Turno simboliza os antecedentes latinos da "raça" romana, enquanto Eneias simboliza os antecedentes troianos (que são ficcionais). Eneias é uma personagem que permite dar a Roma uma ascendência mítica, juntando-se assim ao mito da fundação de Roma por Rómulo e Remo.
Repercussões literárias da Eneida
Dante Alighieri, no seu famoso episódio da descida aos infernos, é levado pela mão de Virgílio para ver os mesmos.
Luís de Camões inspira-se directamente neste grande épico romano para escrever os seus Os Lusíadas.

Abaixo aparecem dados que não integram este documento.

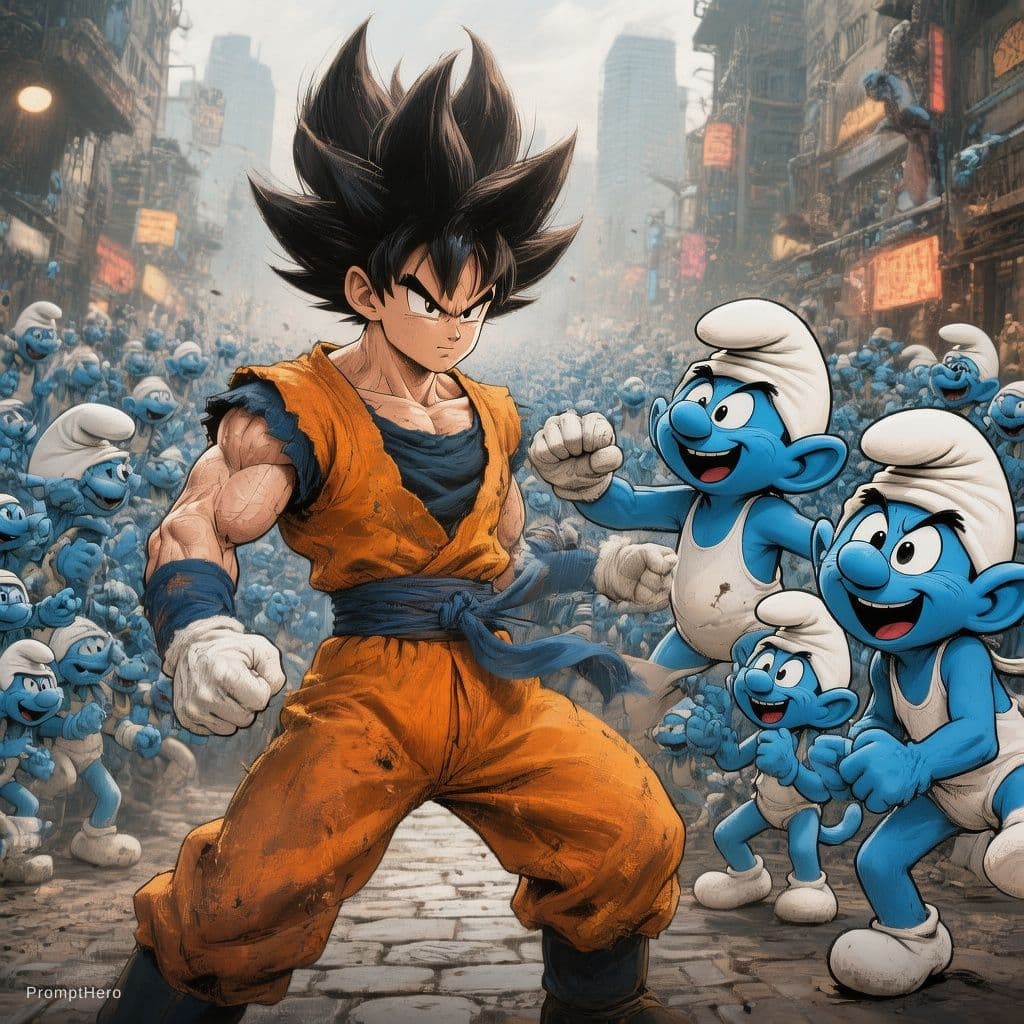 AI generated: goku fughting an army of smurfcats

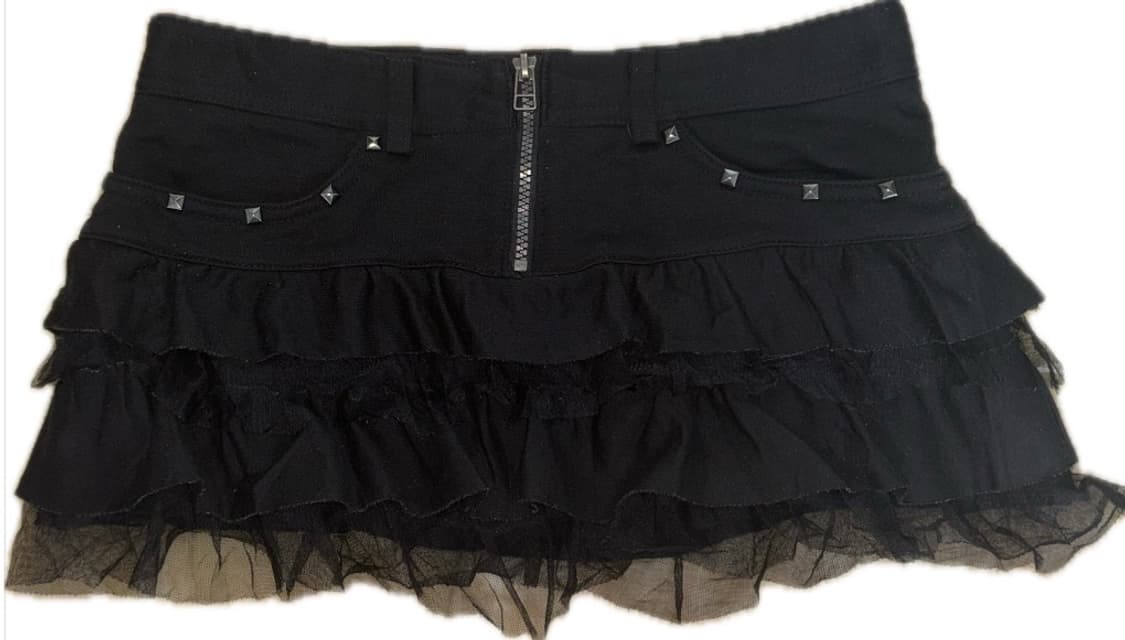 블랙 프릴 미니스커트 상품이미지1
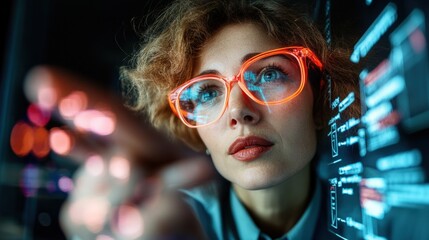 Woman with glowing glasses interacting with digital interface in a modern workspace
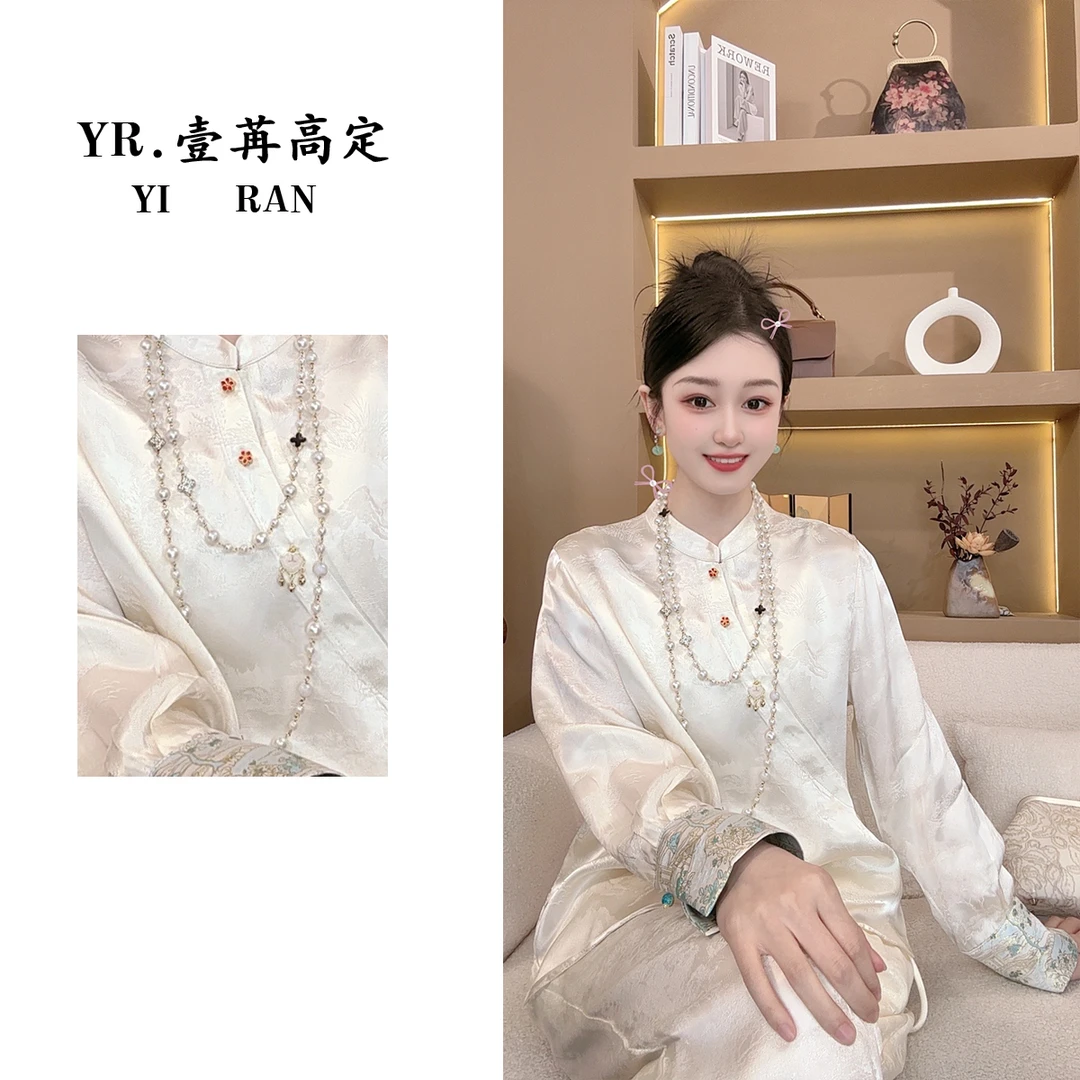 壹苒高定【如意上衣】新中式重工手工钉珠提花上衣 YC3562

CAPCOM inspira-se no autor para criar a personagem Vergil do jogo, "DEVIL MAY CRY".
Traduções
Há algumas traduções da Eneida para a língua portuguesa, feitas do latim. Em verso, citam-se a "Eneida Portuguesa", de João Franco Barreto, em oitava-rima, do século XVII, e a "Eneida Brasileira", de Manuel Odorico Mendes, do século XIX, que utilizou o decassílabo branco; além destas, há a tradução de Carlos Alberto da Costa Nunes, do século XX, que utilizou o verso de dezesseis sílabas poéticas para verter o hexâmetro dactílico épico; e a portuguesa de José Victorino Barreto Feio e José Maria da Costa e Silva, do século XIX, em decassílabos. Em prosa, publicaram-se as traduções de Tassilo Orpheu Spalding,  Jaime Bruna e David Jardim Jr.